Exercise requirements |
Repeat, please, only the lines from the top of the data down to the line with "Tweewieltandem met achteraan besturing"; include both of those lines.

START Provided data

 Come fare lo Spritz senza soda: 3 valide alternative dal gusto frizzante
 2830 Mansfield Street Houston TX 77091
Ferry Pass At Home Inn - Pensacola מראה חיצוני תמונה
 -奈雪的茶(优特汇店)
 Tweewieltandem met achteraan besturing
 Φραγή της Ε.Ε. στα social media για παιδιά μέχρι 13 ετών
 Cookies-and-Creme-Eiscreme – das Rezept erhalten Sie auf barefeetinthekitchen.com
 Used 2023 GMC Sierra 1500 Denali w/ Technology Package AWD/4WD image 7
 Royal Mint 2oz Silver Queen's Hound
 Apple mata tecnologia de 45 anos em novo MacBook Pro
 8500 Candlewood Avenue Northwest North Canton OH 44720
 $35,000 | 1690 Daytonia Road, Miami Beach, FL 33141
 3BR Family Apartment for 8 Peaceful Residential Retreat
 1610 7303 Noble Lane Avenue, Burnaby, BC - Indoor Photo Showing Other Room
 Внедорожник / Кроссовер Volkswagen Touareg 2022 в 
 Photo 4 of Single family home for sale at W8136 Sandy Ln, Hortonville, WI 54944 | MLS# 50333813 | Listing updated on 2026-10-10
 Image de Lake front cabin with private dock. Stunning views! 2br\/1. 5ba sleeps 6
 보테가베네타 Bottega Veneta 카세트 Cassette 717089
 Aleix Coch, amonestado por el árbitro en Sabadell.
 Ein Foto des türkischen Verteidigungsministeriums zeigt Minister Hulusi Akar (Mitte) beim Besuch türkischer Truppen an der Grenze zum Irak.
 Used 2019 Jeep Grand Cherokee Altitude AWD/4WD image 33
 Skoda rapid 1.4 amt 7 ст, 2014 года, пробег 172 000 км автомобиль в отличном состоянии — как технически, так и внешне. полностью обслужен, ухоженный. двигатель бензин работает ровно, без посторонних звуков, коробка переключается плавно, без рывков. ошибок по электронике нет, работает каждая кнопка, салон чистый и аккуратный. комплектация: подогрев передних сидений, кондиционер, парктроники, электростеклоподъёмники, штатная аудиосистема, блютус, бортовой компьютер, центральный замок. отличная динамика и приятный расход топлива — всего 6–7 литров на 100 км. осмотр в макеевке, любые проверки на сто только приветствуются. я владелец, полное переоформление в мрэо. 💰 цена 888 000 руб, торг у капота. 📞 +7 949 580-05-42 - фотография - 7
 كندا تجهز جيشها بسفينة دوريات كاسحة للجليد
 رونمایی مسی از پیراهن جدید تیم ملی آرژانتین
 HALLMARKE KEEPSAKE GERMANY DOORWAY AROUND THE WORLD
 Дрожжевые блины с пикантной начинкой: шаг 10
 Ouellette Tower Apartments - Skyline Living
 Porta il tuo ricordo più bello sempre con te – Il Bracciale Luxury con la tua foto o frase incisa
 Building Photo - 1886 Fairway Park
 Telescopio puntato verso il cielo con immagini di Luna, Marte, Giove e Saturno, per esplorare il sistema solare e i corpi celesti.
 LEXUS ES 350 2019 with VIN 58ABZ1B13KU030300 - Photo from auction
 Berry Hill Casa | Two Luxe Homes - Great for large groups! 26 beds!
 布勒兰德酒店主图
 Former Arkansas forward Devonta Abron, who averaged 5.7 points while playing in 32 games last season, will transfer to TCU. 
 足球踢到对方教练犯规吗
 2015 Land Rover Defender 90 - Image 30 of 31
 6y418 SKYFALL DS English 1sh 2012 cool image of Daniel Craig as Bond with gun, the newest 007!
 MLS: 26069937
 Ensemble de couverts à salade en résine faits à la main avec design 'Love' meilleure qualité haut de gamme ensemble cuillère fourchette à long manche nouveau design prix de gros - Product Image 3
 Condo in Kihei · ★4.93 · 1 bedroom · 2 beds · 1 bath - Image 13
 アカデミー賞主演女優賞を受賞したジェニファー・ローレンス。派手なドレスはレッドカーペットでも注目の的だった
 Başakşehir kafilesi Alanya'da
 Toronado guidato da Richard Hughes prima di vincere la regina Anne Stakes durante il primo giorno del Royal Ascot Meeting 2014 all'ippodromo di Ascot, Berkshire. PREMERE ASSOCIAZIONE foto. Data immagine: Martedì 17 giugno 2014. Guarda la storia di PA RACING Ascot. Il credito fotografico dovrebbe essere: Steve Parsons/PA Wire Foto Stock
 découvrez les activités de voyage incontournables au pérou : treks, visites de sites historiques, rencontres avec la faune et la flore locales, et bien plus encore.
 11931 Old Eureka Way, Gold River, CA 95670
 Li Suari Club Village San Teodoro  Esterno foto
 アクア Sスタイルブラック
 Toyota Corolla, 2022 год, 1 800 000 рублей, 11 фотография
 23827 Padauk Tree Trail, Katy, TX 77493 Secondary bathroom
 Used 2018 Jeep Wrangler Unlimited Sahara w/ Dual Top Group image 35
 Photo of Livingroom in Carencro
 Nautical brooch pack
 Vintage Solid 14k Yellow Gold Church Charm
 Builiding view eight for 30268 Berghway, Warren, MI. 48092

END Provided data

Task answer |
 Come fare lo Spritz senza soda: 3 valide alternative dal gusto frizzante
 2830 Mansfield Street Houston TX 77091
Ferry Pass At Home Inn - Pensacola מראה חיצוני תמונה
 -奈雪的茶(优特汇店)
 Tweewieltandem met achteraan besturing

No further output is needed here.